WHAT YOU ARE ASKED TO DO: From the material below, copy exactly the lines beginning with the one that contains "Hunter Hess portrait" and ending with the one that contains "Thiết kế chưa có tên - 3"; the pictures stay out.

WORKING DATA:
-- Opening Marker --

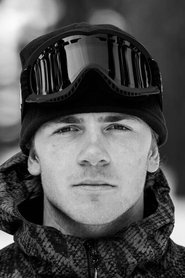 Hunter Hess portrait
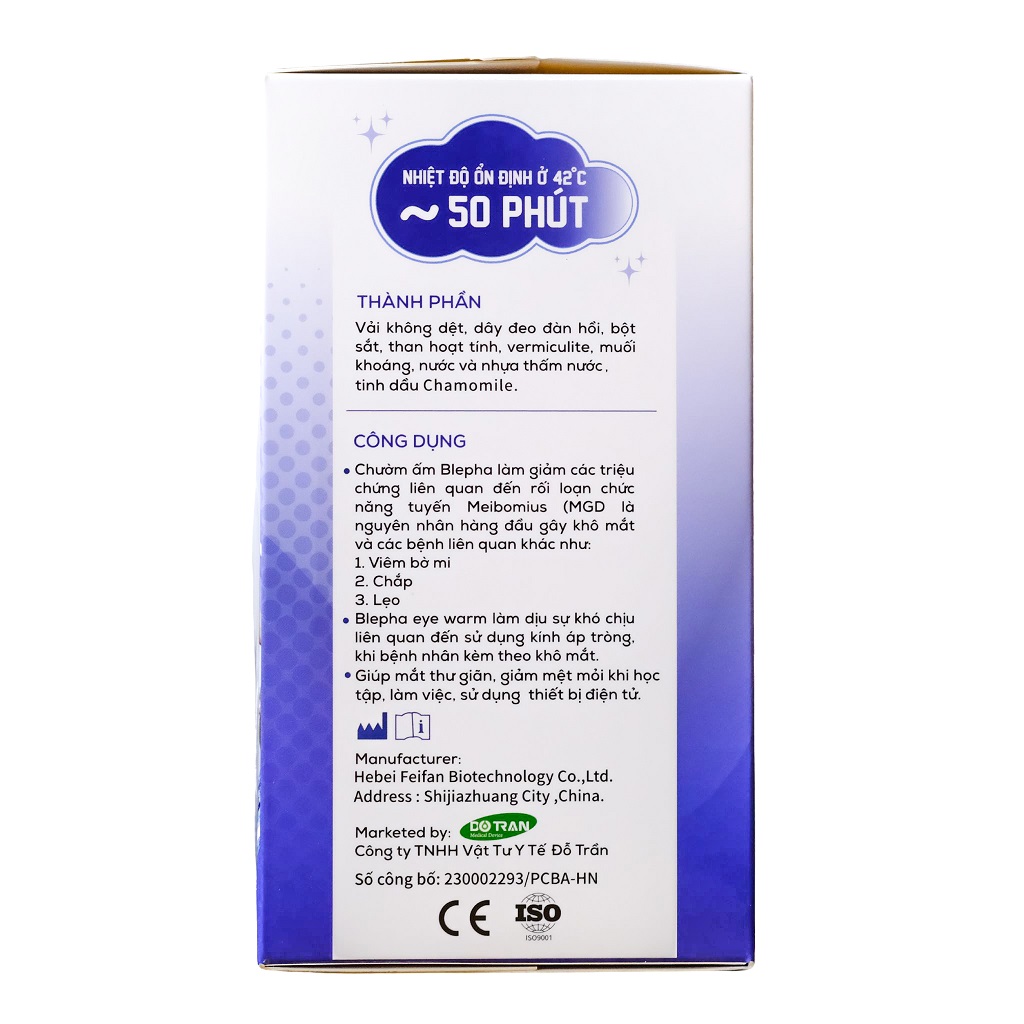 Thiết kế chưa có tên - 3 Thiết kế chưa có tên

-- Closing Marker --
-- Opening Marker --

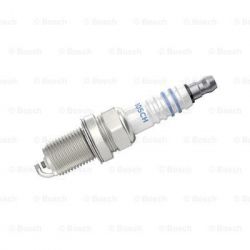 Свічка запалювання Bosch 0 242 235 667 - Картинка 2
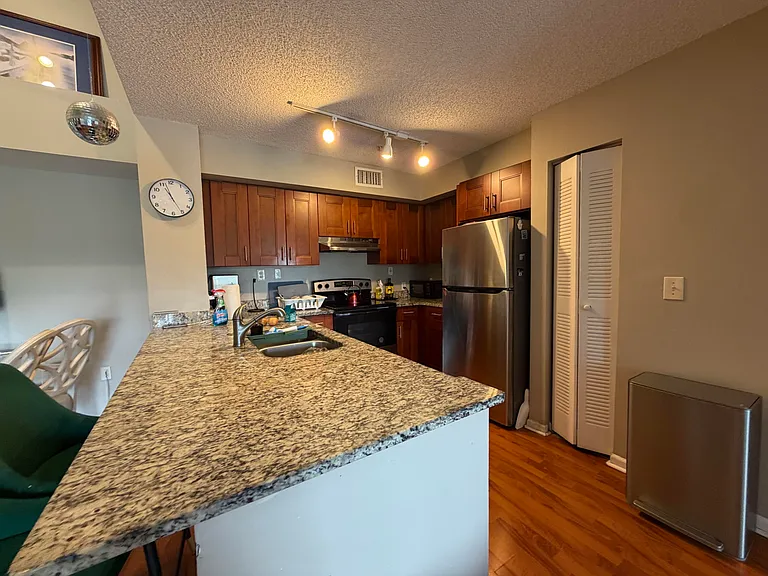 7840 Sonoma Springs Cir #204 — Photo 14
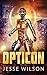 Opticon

-- Closing Marker --
-- Opening Marker --

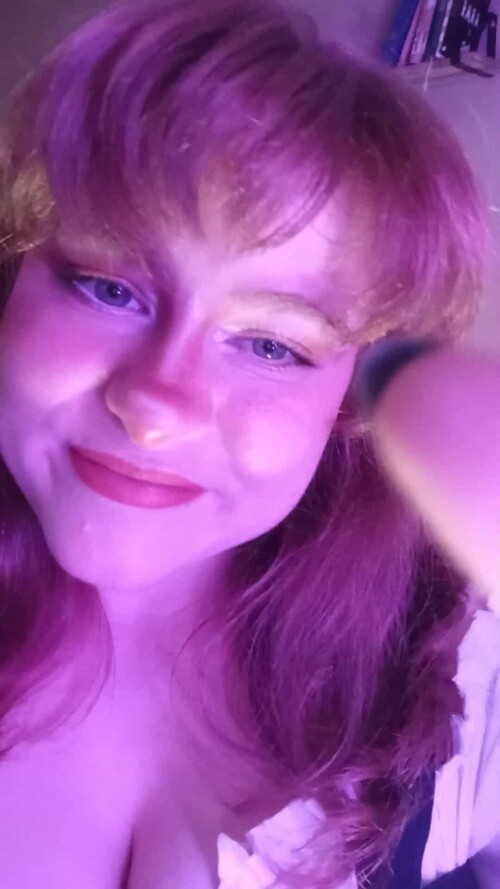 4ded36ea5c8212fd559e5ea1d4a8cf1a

-- Closing Marker --

RESULT:
 Hunter Hess portrait
 Thiết kế chưa có tên - 3 Thiết kế chưa có tên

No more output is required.